Through the homology alignment of VanZ family proteins among different species and alanine scanning mutagenesis of the conserved residues, we identified several conserved domains. The three-dimensional (3D) model of Llp1 (S. cerevisiae) predicted by AlphaFold version 3.028 showed that these domains are located on one side of the membrane and are rich in positively and negatively charged residues, which may constitute a phosphatase active site (Figure 5). Using the TEV protease protection assay, we demonstrated that the N and C termini of the Llp1 protein face the cytosol and the active site of Llp1 is located at the luminal side (Figure 5). Through sucrose density gradient fractionation, the distribution of Llp1 was similar to the Golgi marker Van1 but differed from the ER marker Sec61 (Figure 5). These results indicated that Llp1 is mainly localized at the Golgi fraction, which is consistent with the localization of mammalian DLO-PP’ase14.

DLO biosynthesis occurs in the ER, whereas Llp1 is localized in the Golgi, implying that DLO in the ER needs to be translocated to the Golgi. Although the presence of DLO in the Golgi has not been reported, biochemical studies found that in rat liver, the content of dolichol/dolichol fatty acyl esters in Golgi was ~10 times that in the ER, and a large amount of dolichol-P was also found in Golgi29,30. We hypothesized that, under normal conditions, DLO in the Golgi could be rapidly degraded by Llp1. To test this, the DLO structure in the llp1Δ and llp1Δ alg3Δ strain was examined. Unexpectedly, Golgi mannosyltransferase-modified DLO structures were found in llp1Δ and llp1Δ alg3Δ cells (Figure 6). These results indicated that, although DLO biosynthesis occurs in the ER, surplus/incompletely assembled DLO is translocated to the Golgi to be eliminated by Llp1, thus playing a role in DLO homeostasis/quality control (Figure 6).
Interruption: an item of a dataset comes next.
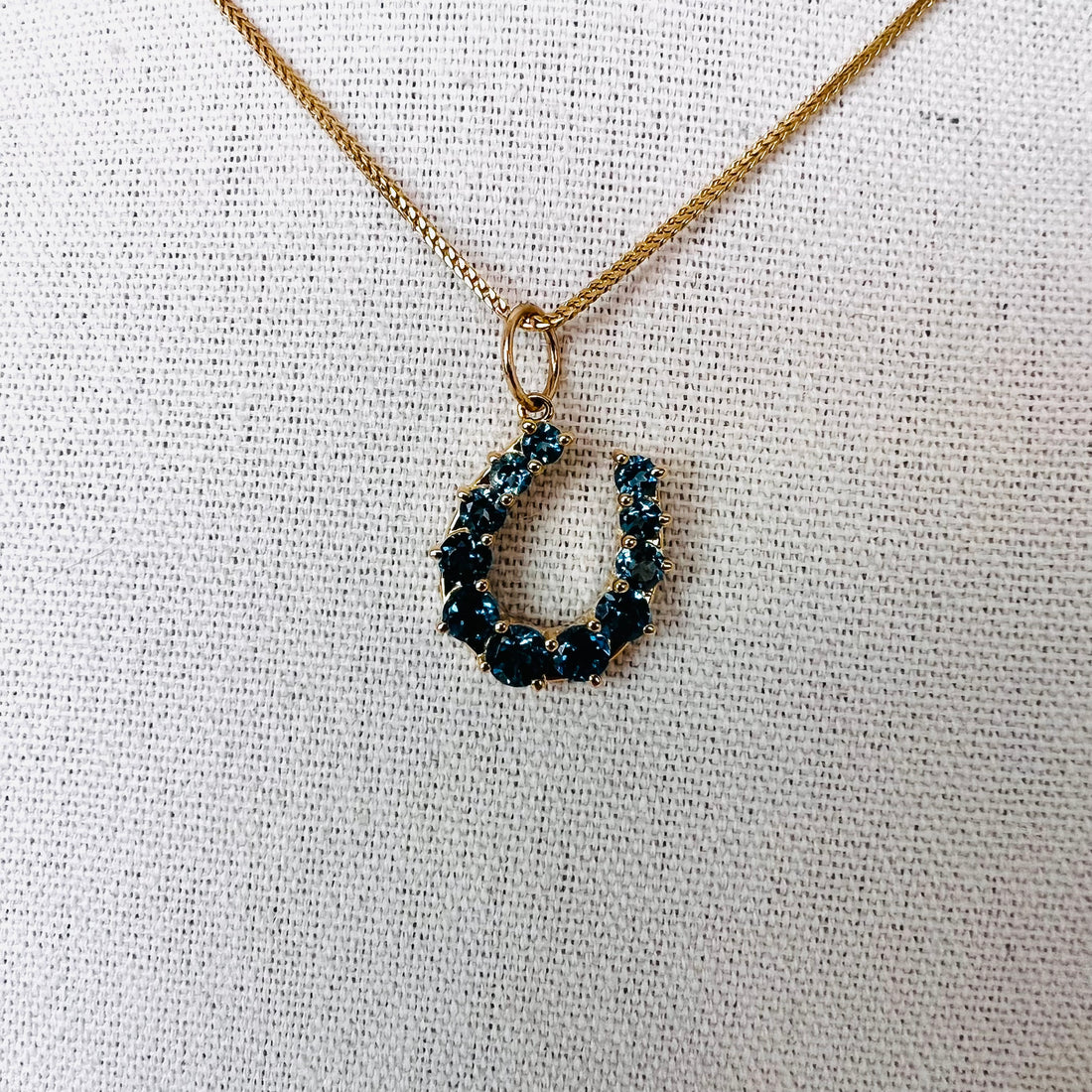 14k gold and London blue topaz horseshoe pendant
In summary, our study identified the yeast DLO-PP’ase, Llp1, and proposed a new DLO homeostasis/quality control mechanism whereby DLO accumulated in the ER is translocated to the Golgi and degraded by Llp1. Future studies on the precise molecular mechanisms of how DLO accumulated in the ER are recognized and translocated to the Golgi, and how Dolichol-P produced in the Golgi returns to the ER will be of great significance. On the other hand, there is no homologous Llp1 protein in mammals, suggesting that mammals may have different POSs production systems, and different DLO-PP’ase should be involved. Identification of the DLO-PP’ase gene in mammals is urgently needed in the future.